More on the outrage of the week …
In a post titled “Victims for Hire,” novelist and White Tiger writer Tamora Pierce shares her thoughts on Heroes for Hire in general and the cover to issue #13 in particular:
I’ve had mixed feelings about this incarnation [the current Heroes for Hire magazine] of Colleen and Misty from the beginning, though Tim loves the comic. Originally Colleen was a dark, doom-seeking, driven fighter–here she is far more subdued, keeping to the background. And the art has been making me daffy, not to mention the part in Misty’s `fro. Yes, they are an estrogen-laden team of butt-kickers, but their outfits are painted on, and their scenes are drawn cheesecake.
And it’s silly of me, but it bugs the hell out of me that Shang-Chi is made negligible. The point is f*****g equality. NOBODY has to be the lesser party.
I hated it, in the beginning, that they were against the rebels of Civil War.
Enough. They weren’t the Colleen and Misty I knew. I get that. I can live with it.
This cover makes me INSANE. It is nasty. It is degrading.

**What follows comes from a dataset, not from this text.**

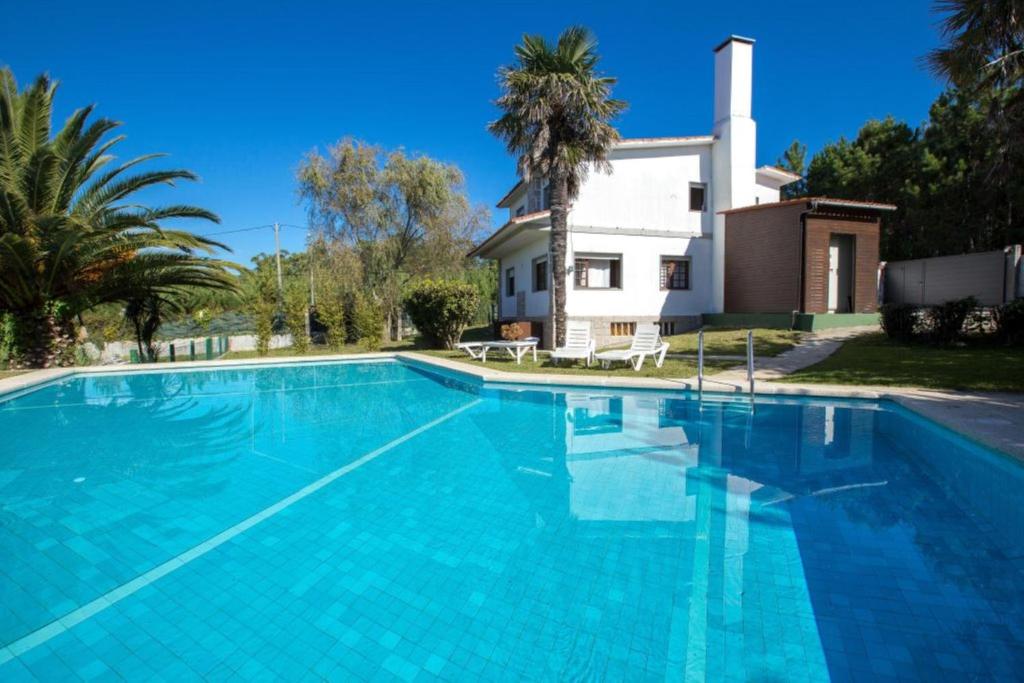 a large swimming pool in front of a house at House - 3 Bedrooms with Pool WiFi and Sea views - 7428 in Portonovo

It is everything I fight and write against.
Three supposedly strong, war-like women, strung up by their wrists, in chains, the emblem of the slave (paging John Norman…); dazed and helpless (someone on scans_daily said it would be hilarious if they were awake and mad; I think it would be powerful and redemptive); bared practically to their navels (but no nipple showing because nurturing organs would be dirty in this screwed-up pervo-catering censorship universe) as nameless Things with glowing eyes (and probably elongated barbed dicks) slaver in the background–and phallic tentacles reach up to their crotches. Misty’s clothes are ripped; she’s bleeding. Do her eyes and Colleen’s glimmer with tears? Colleen’s mouth hangs open–to receive a tentacle?
It’s not right that we have these powerful women. Let’s humiliate them publicly, on the cover. Let’s strip them of their power, wit, and rage, and show them off to everyone who walks by, to show what powerful women can expect, even when we’ve showed them being powerful. This is what happens when women strut along, kicking butt. This is what they can expect. Savor and learn!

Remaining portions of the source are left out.